L’islandese appartiene al gruppo nordico occidentale delle lingue germaniche e nasce dalla lingua importata dai coloni norvegesi che nel 9° e 10° sec. si stabilirono sull’isola. Si distingue cronologicamente in quattro periodi: arcaico, dal 10° al 12° sec.; classico, dal 1150 al 1350 circa; medio, fino alla metà del 16° sec.; e moderno, a partire dalla traduzione del Nuovo Testamento (1540) di Oddur Gottskálksson. Il relativo isolamento dell’I. dal resto del mondo nordico ha determinato una progressiva differenziazione dal norvegese e fatto dell’islandese la più conservatrice delle lingue scandinave per ortografia, grammatica, vocabolario. L’alfabeto usato è quello latino, arricchito di due segni provenienti dalle rune: þ e đ spesso resi nei dizionari con i digrammi th e dh. L’islandese conserva i generi (maschile, femminile e neutro) dei nomi, alcuni casi, e un complesso sistema di verbi e pronomi.

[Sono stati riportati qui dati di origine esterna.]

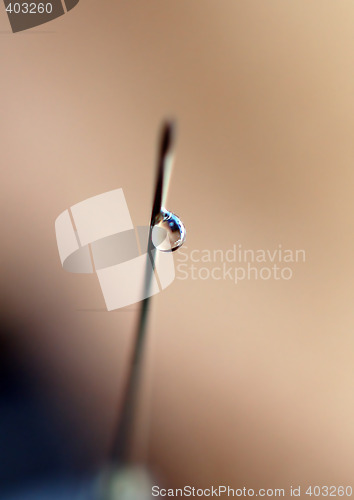 Image of syringe close-up, focus on the drop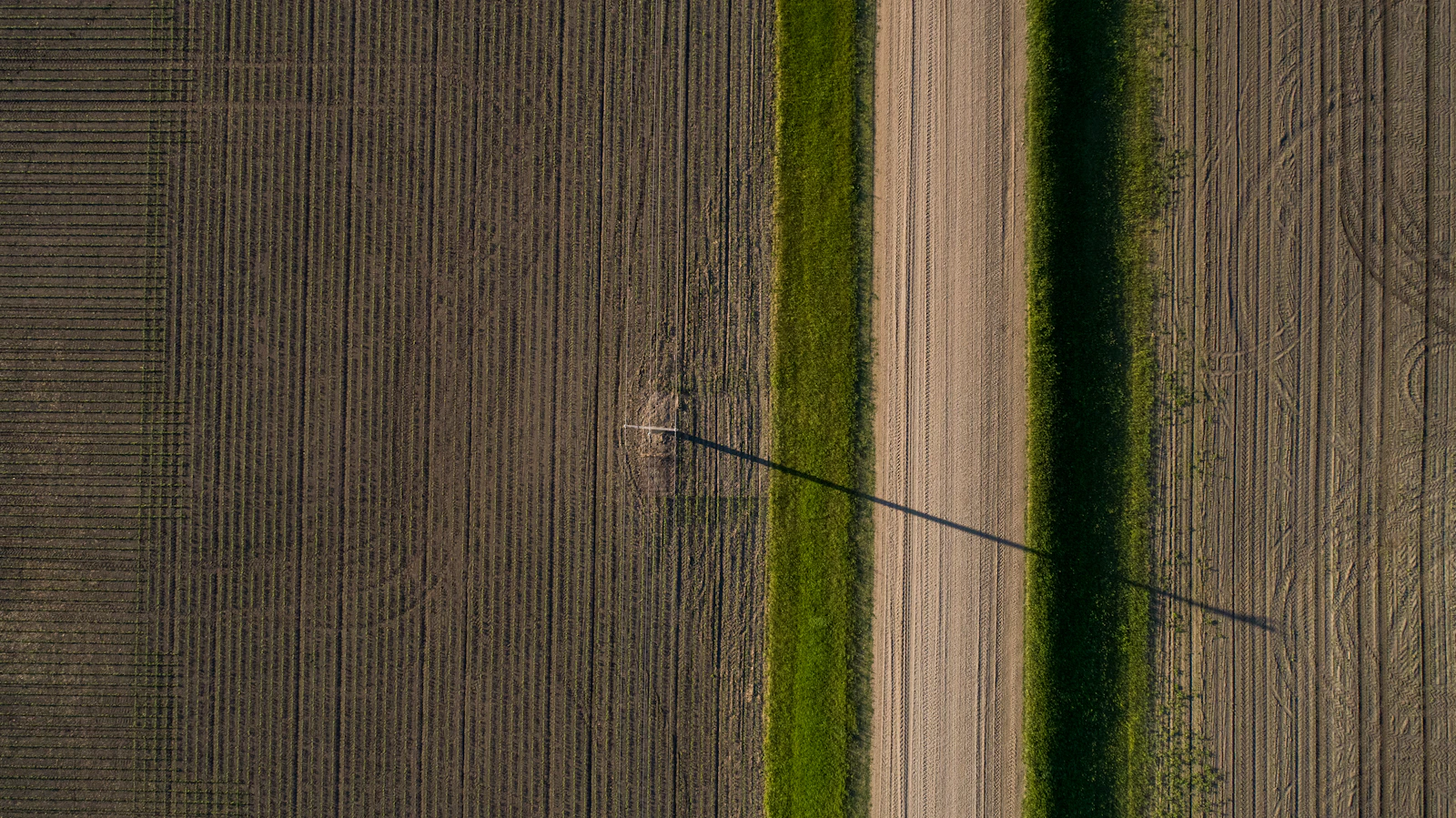 Aerial view of Midwest farmland with long shadows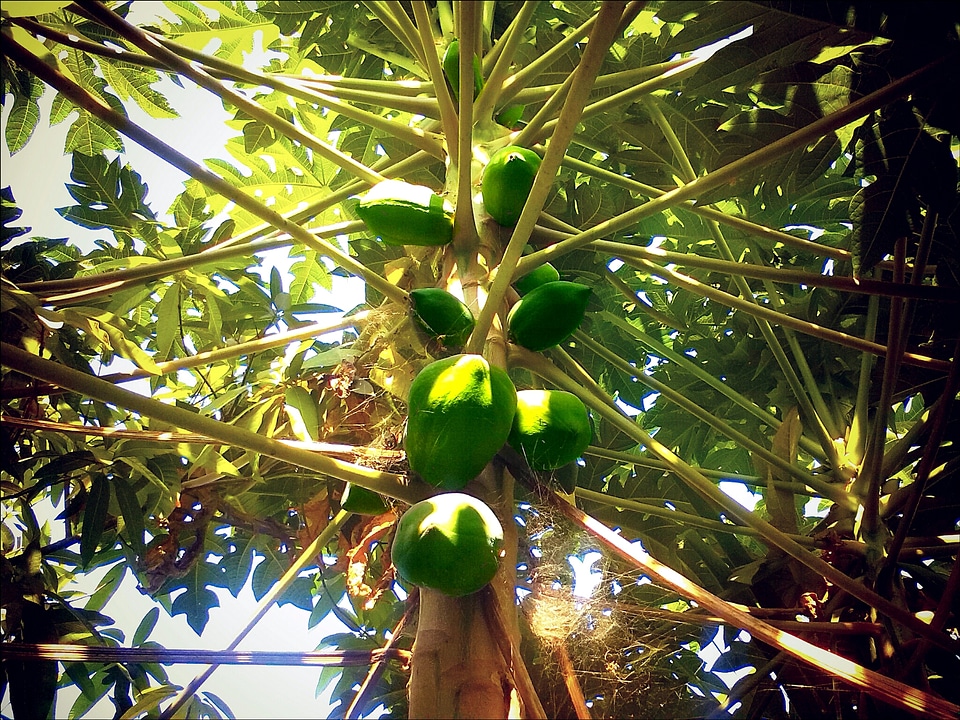 Papaya tree green food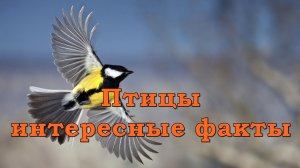 Интересные факты о птицах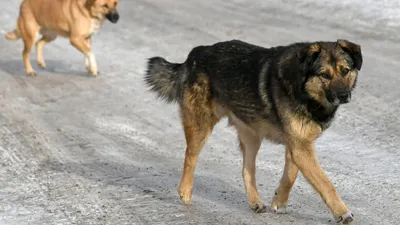 Выгул собак в сельской местности, нормы и правила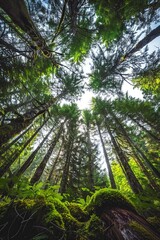 Fototapeta premium Looking Up Among Tall Forest Trees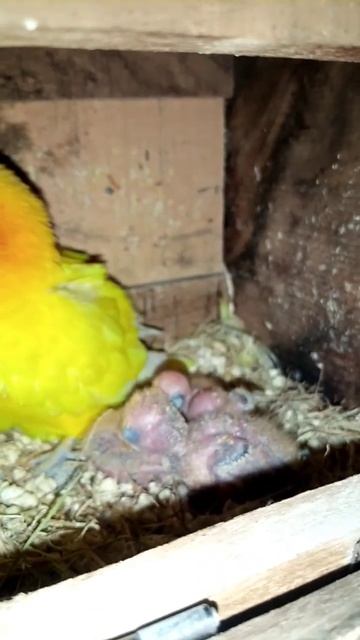 three offspring's in nest 😍🐣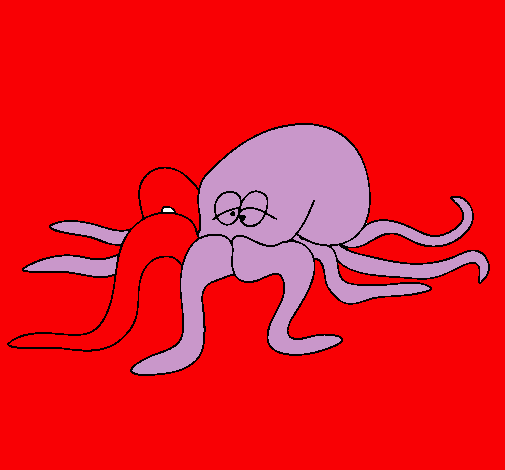 Pulpo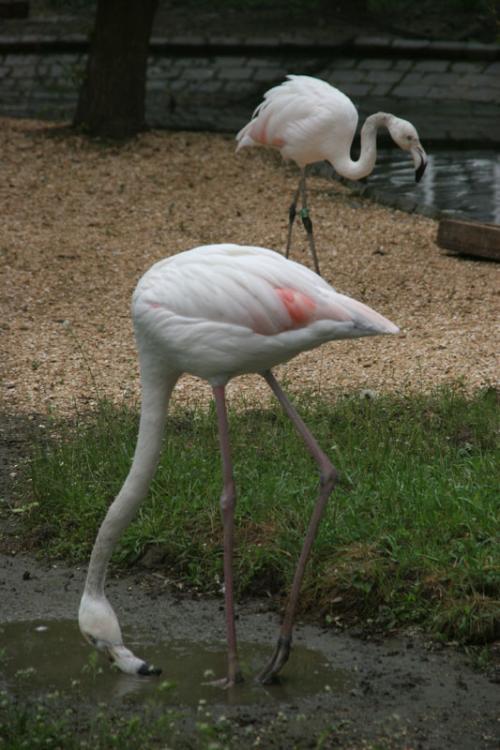 Flamingos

La prima letteratura islandese in versi e in prosa si sviluppa durante il Medioevo. La produzione poetica comprende i canti anonimi dell’Edda (➔), a carattere per lo più eroico-leggendario, e i canti scaldici (➔ scaldo), composti da poeti e cronisti di corte, gli scaldi, in onore di re o capi. Caratterizzano la prima poesia islandese il metro (dróttkvaett) complesso e rigorosamente basato sulla quantità, e il linguaggio artificioso che si esprime soprattutto in oscure metafore (kenningar). A partire dall’11° sec. fiorì una poesia cristiana, che continuò a usare le forme della poesia scaldica. Nel 14° sec. si sviluppò il nuovo genere poetico delle rímur, componimenti epici che manterranno la loro popolarità fino agli inizi del Novecento. La prosa trova espressione nelle saghe, che narrano vite di re e personaggi famosi e storie di intere famiglie. Si tratta, ad esclusione della Egilssaga attribuita a Snorri Sturluson (➔), di lavori anonimi tramandati oralmente fino al 12° sec. e solo successivamente trascritti. Tra le circa 40 saghe conservate, vanno ricordate la Njálssaga, la Laxdœla, la Vatnsdœla e la Grettissaga. Altri generi in prosa erano le vite di vescovi e cavalieri e gli annali. Fiorisce anche una letteratura scientifica (per es., l’Edda del citato Snorri Sturluson o un trattato anonimo del 1100 circa che affronta questioni di grammatica) e la storiografia. Il declino di questa felice fase iniziò nel 14° secolo.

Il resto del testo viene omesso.